How to be Chaotic without being Stupid
As any alignment thread on /tg/ will show you, defining the "Lawful/Chaotic" axis in a way that is totally orthogonal to "Good/Evil" is very tricky. There is also the matter that any sane character will have some internal code of conduct, so it is not possible to define Lawful as "follows some laws, any laws" and Chaotic as "follows no laws whatsoever". One potentially useful interpretation of that axis that can avoid stupidity or strawmen is to think of Lawful as emphasizing working "by-the-book" for the whole (with the nature of that book separating Lawful Good from Lawful Evil), and Chaotic as emphasizing individual freedom to achieve one's own desires (with the nature of those desires separating Chaotic Good from Chaotic Evil).
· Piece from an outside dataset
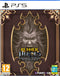 Runner Heroes - Enhanced Edition (Playstation 5) 5056607400489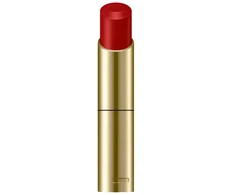 Sensai Colours Refill Moisture Intense Lipstick Mi05-Cherry Raudona 3,, 7 g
A way to be Chaotic without being Stupid, therefore, is to determine the character's goals, and have them achieve those goals by whatever method they think is best. This might mean following the rules, if playing nice with the Paladin to stay out of jail is a prerequisite for that goal, but if breaking a few laws is what it takes, then so be it.
As far as that lawful neutral (or hopefully not stupid) guy in the party? Remember, you can find something to like about that character too. We're past the days where alignments only hung around with each other. Make a friend. Don't be uptight about chaos. It's not like you're forbidden by a code of conduct to have lawful friends, right?